But that’s okay because, though I fancied the notion from time to time, The Wauwinet wasn’t home.

It was a four-day paradise, the very fulfillment of the word “holiday”.

And what a jolly holiday it was.

~

(It was) a day of sheer delight, one of those magical times that are not forgotten while life lasts, a time when it seems as though nothing can go wrong, as though human imperfection were aided and sustained by something outside itself, and just for once allowed to bring to perfection everything that it attempted.”

Pilgrim’s Inn

~

I have more pictures of our stay at The Wauwinet that you’ll see in the days to come – this was just our first day! Until then, check out the gorgeous website here. Thank you so much for joining me today – stay tuned for our next adventure, where I watched with tear-filled eyes as my mama found the beach of her heart. ❤

And you can always keep up with the Gore family on Facebook!
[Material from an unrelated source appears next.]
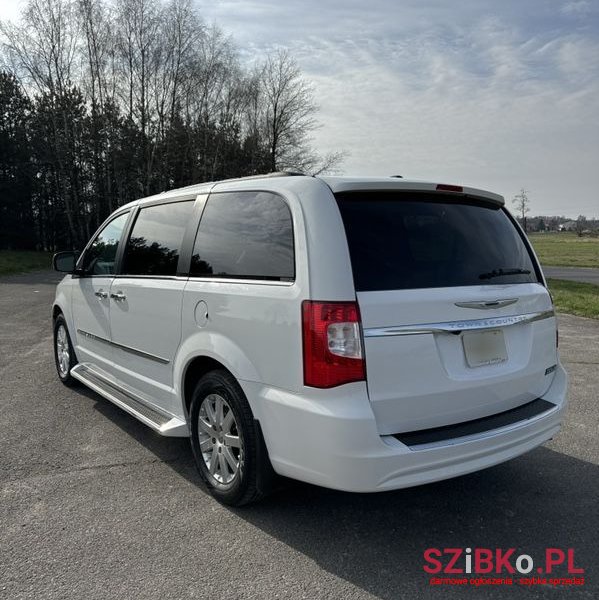 2016' Chrysler Town & Country 3.6 Touring photo #3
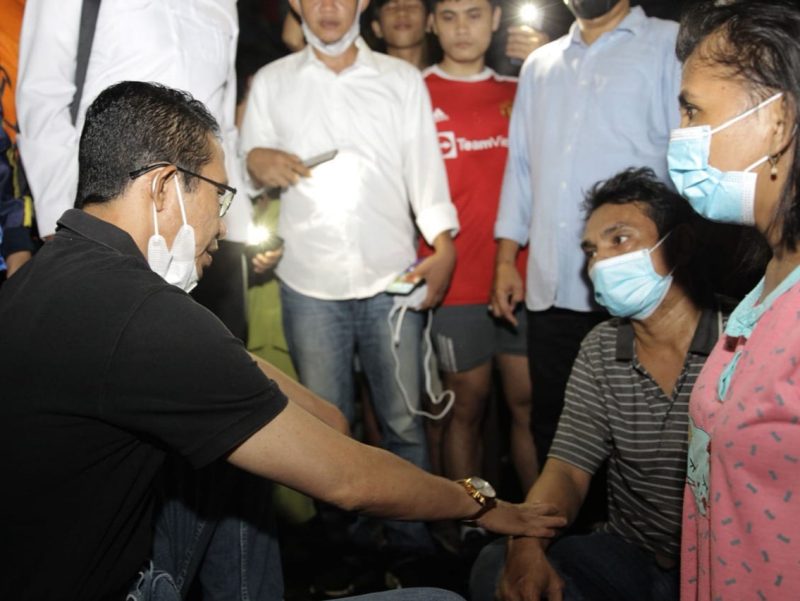 Wakil Wali Kota Batam Amsakar Achmad langsung bergegas ketika mendapat kabar kebakaran rumah warga di RT 01 dan RT 02/RW 02 Kelurahan Kampung Seraya Kecamatan Batuampar Kota Batam, Rabu (16/2/2022) malam. Foto: MC Batam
5 thoughts on “Dancing Hearts in Nantucket (Part Six: The Wauwinet)

  1. You are so my people. (Is that the most obvious thing I’ve ever said to you?) I mean, Mitford AND Emma? Cam and I have watched that entire thing at least 5 times.
    Take me with you next time, okay?

  2. Mrs. Gore

    I have been following your blog for a three years now and I can’t count how many times your posts have touched me deeply. I’ve always felt connected to you being a Mom, homemaker, homeschooling my kids, married to a pastor. I’ve always liked how conservative your beliefs biblically were. And so I have to say there is a section in your post today that really troubled me and concerned me greatly!

    You said.
    “And this is where the biggest joy of our trip came in because, not only were we free, for a moment…free from responsibility, from stress, from chores… as we’ve rehashed our trip, we have discovered that we also…somehow…miraculously…blessedly…unexpectedly…both felt free from sin.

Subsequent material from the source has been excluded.